Los Angeles Times

Microsoft will not be broken up. There's no chance the Bush administration will ask the Supreme Court to reverse Thursday's federal appeals court rescue of the company. Instead, the case will go back to a new judge to decide how to respond to Microsoft's monopoly without splitting it up. The best outcome: a new order requiring Microsoft to make its Windows operating system available to everyone free of charge.

Here's the problem with Microsoft's monopoly, which even the appeals court agrees still must be addressed: Windows is so widely used that other producers of computers, browsers and other software have to license it from Microsoft if they want to connect their gadgets and codes to most other gadgets and codes on the market. This gives Microsoft power to thwart competition and discourage innovation.

Imagine what would have happened a century ago at the dawn of the age of electricity if a company named, say, Electrosoft had patented a design for electrical plugs and sockets. Assume its design is four prongs arranged vertically--maybe not the most efficient, but Electrosoft is the first and biggest company in this new market for electrical appliances, so the four-prong vertical design becomes a standard that everyone begins to use.

Soon all homes have Electrosoft sockets in their walls, and all appliance makers use Electrosoft plugs. Building contractors and appliance makers pay Electrosoft a royalty every time they install or make a new socket or plug. As Electrosoft's profits mount up, it becomes one of the richest companies in America, and the net worth of its president soars to a level about equal to the total net worth of the bottom half of all American families combined.

Now suppose Electrosoft uses its huge profits to start marketing its own electric appliances. It even gives away a free toaster or lamp with the purchase of any Electrosoft plug or socket. Good for consumers, right?

Yes, but wait. As a result, every other maker of toasters and lamps is wiped out. They can't make a profit. And potential inventors of future electric appliances don't even try. Why bother? There's no money to be made competing with Electrosoft.

A few years later, Electrosoft raises the price of its toasters, lamps and other appliances. Buyers have no alternative but to pay the higher price. And forget about innovation. Electrosoft might invent some other appliances, but isn't in any great hurry. After all, no other company is inventing electric appliances. Refrigerators and electric stoves won't appear for a century.

Now fast forward to the present day, and Microsoft. The company says consumers gain when it adds free software gizmos to its Windows operating system, like e-mail servers and Internet browsers. But like the Electrosoft example, consumers will suffer in the long run if Microsoft wipes out competitors and discourages other software inventors from coming up with their own new gizmos, such as voice-recognition devices, video mail, three-dimensional Internet or whatever else lurks just beyond the imagination.
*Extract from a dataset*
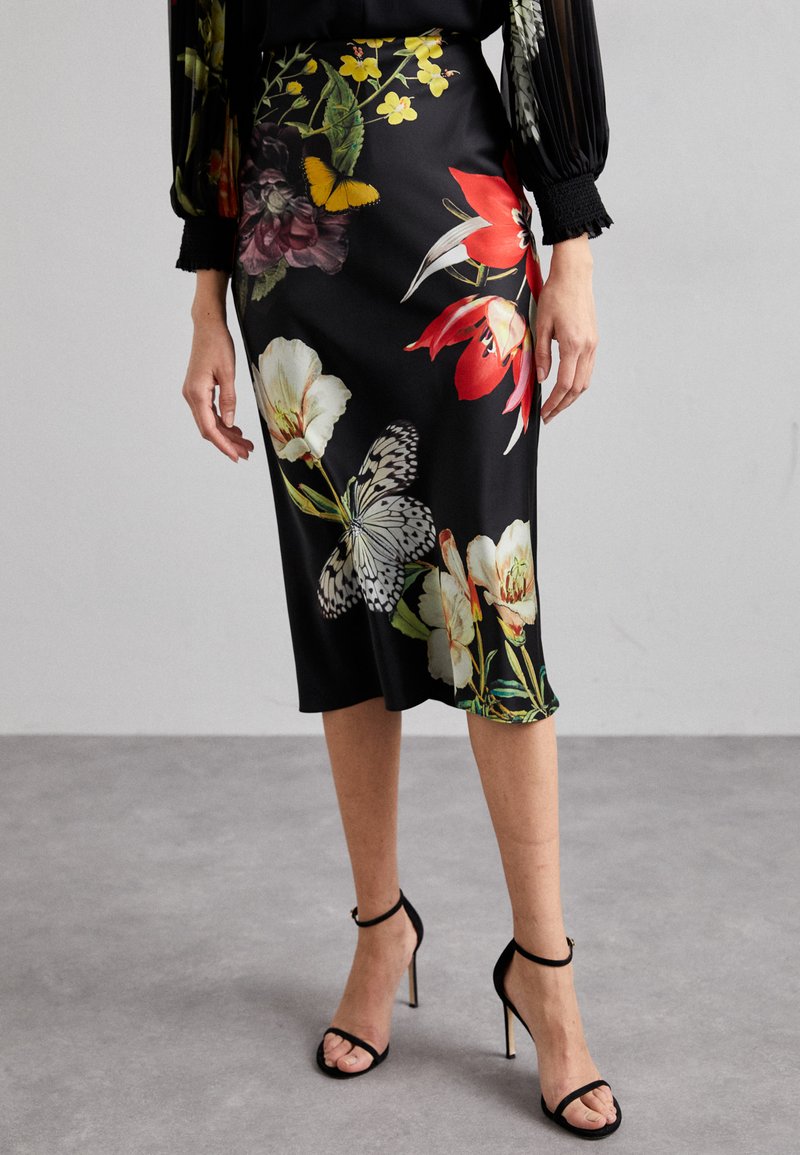 Alice + Olivia MAEVE MIDLENGTH SLIP SKIRT - Falda de tubo - black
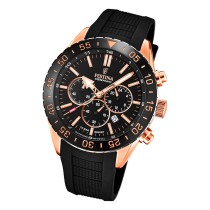 Festina Herren Armbanduhr Keramik F20516/2 Analog Silikon schwarz UF20516/2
Microsoft says consumers benefit from having a common standard Windows operating system. The company is right--imagine how confusing life would be if there were tens or hundreds of different operating systems. But this doesn't mean Microsoft should rake in huge profits from selling Windows.

Every period of rapid technological change creates a need for common standards. In the early 1880s when lightbulbs were first invented, bulbs and sockets came in 175 different sizes. The threads on hoses, screws and other industrial parts that were supposed to fit into one another were almost as varied. When a portion of Baltimore was in flames, city officials discovered that almost none of its fire hydrants and fire hoses matched up.

Yet rather than one company setting common standards, industries as a whole set them and made them freely available. A standard for lightbulbs and sockets emerged in 1884, and shortly thereafter the two-prong plug and socket that we still use today. In the early 1920s, Herbert Hoover, then secretary of Commerce, created a National Bureau of Standards to hasten the development of many other standards, free of charge. It was one of his finest achievements.

So if Microsoft isn't going to be broken up, there's the other way a court can undercut its monopoly: Require it to make Windows freely available, like any other common standard. That way, consumers get the convenience of a common standard without sacrificing the benefits that come from competition and innovation.

But don't hold your breath. The Bush administration will settle on terms favorable to Microsoft. And Microsoft won't be willing to give up Windows. That means Microsoft is likely to behave just like Electrosoft. Watch your wallets.